Now, our sugar hits come all year round, often with less nutritional value and far more easily – by simply opening a soft drink or cereal box. …

But so far, scientists have had a difficult time proving how it affects our health, independent of a diet too high in calories. 

Is it just calories?

One key way to cast doubt on the role of sugar is to say that it is really just total calories. Jessica quotes Luc Tappy:

Luc Tappy, professor of physiology at the University of Lausanne, is one of many scientists who argue that the main cause of diabetes, obesity and high blood pressure is excess calorie intake, and that sugar is simply one component of this.

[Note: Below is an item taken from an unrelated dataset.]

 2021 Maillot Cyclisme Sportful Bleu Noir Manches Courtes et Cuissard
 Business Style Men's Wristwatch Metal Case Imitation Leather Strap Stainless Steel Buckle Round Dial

“More energy intake than energy expenditure will, in the long term, lead to fat deposition, insulin resistance and a fatty liver, whatever the diet composition,” he says. “In people with a high energy output and a matched energy intake, even a high fructose/sugar diet will be well tolerated.”

Tappy points out that athletes, for example, often have higher sugar consumption but lower rates of cardiovascular disease: high fructose intake can be metabolised during exercise to increase performance. 

The trouble with this way of absolving sugar is that a key mechanism through which sugar can cause trouble is by leading people to eat more total calories—both through the insulin mechanism I emphasize in “Obesity Is Always and Everywhere an Insulin Phenomenon” and through making things tasty. So holding calories constant when thinking about the effects of sugar is ignoring one of the primary mechanisms through which eating sugar can cause harm. And to the extent athletes are harmed less by eating sugar, an interesting hypothesis is that exercise might reduce the effect of sugar in making people hungry a little while later.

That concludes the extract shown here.